Activity: Once you reach the line with "I'm Not Like", copy it and every line after it exactly, up to the end of the data. Omit the pictures.

Input for this task:
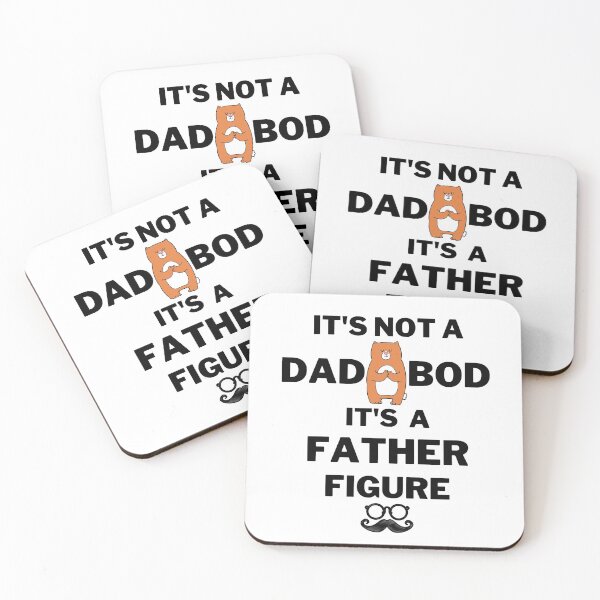 Item preview, It is a not DAD bod, It is a father figure, cool father designed and sold by Lekrock.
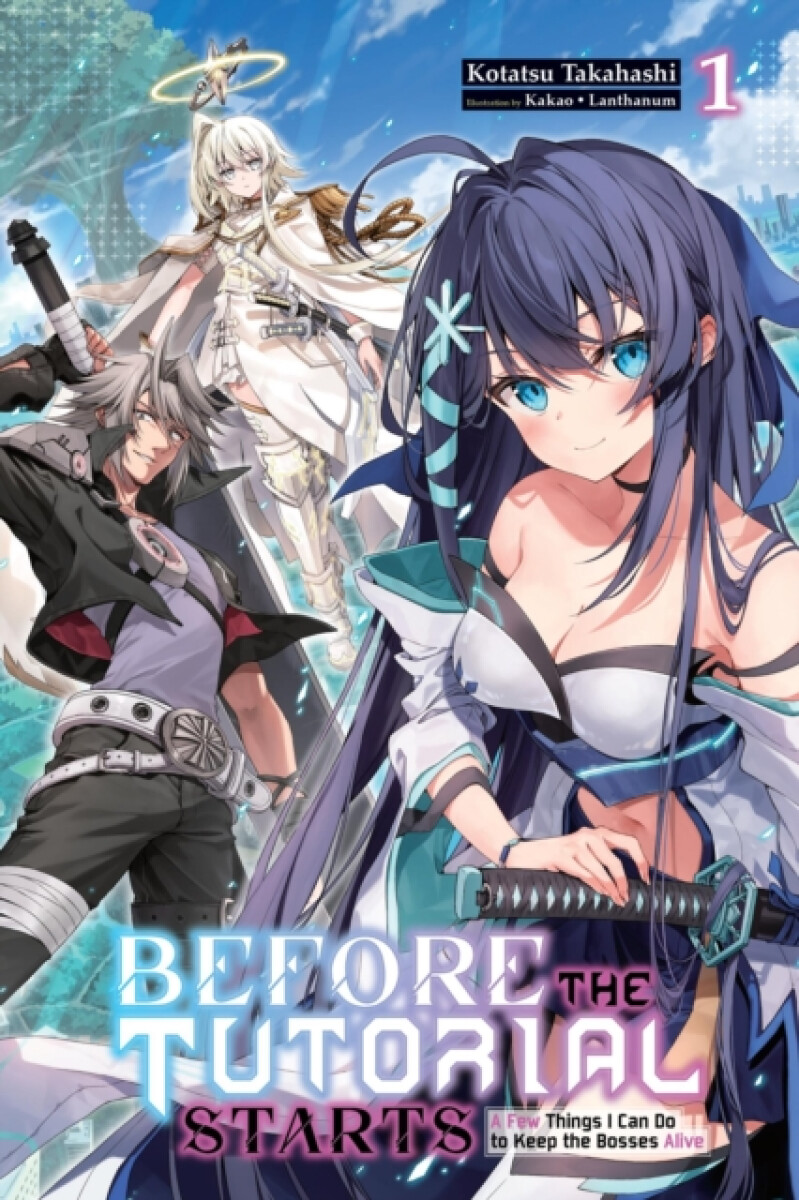 Kniha Before the Tutorial Starts: A Few Things I Can Do to Keep the Bosses Alive, Vol. 1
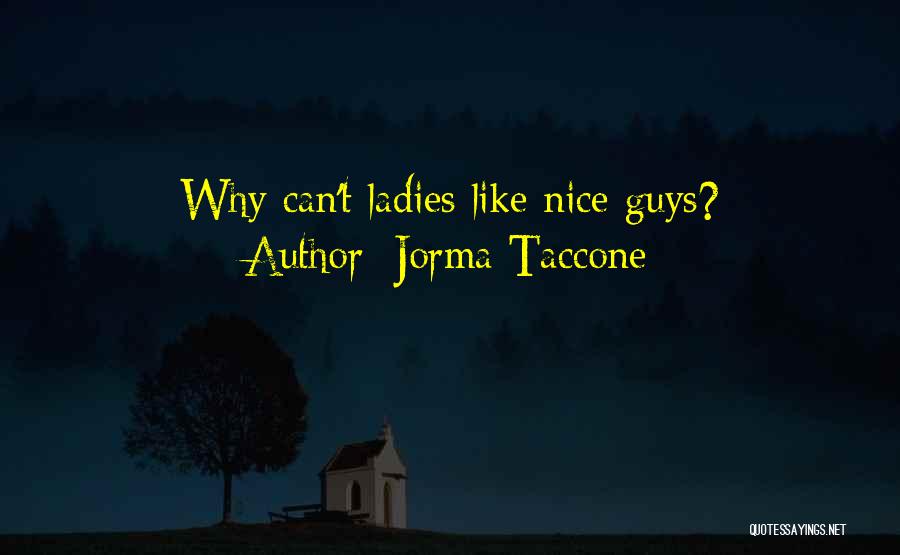 I'm Not Like Most Guys Quotes By Jorma Taccone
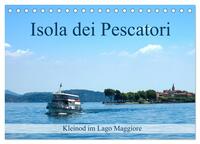 Isola dei Pescatori im Lago Maggiore (Tischkalender 2026 DIN A5 quer), CALVENDO Monatskalender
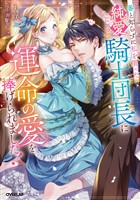番と知らずに私を買った純愛こじらせ騎士団長に運命の愛を捧げられました！【電子書籍限定書き下ろしSS付き】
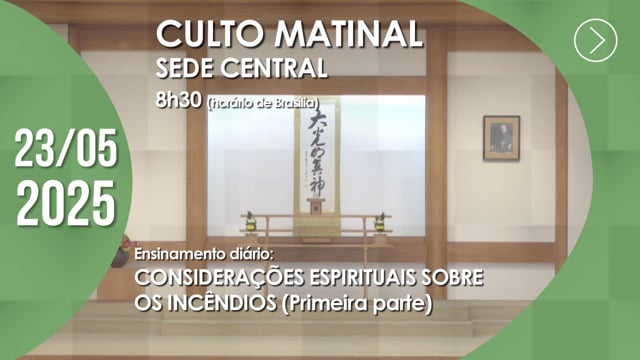 Capa do vídeo “Culto Matinal | Sede Central - 23/05/2025”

Answer section:
 I'm Not Like Most Guys Quotes By Jorma Taccone
 Isola dei Pescatori im Lago Maggiore (Tischkalender 2026 DIN A5 quer), CALVENDO Monatskalender
番と知らずに私を買った純愛こじらせ騎士団長に運命の愛を捧げられました！【電子書籍限定書き下ろしSS付き】
 Capa do vídeo “Culto Matinal | Sede Central - 23/05/2025”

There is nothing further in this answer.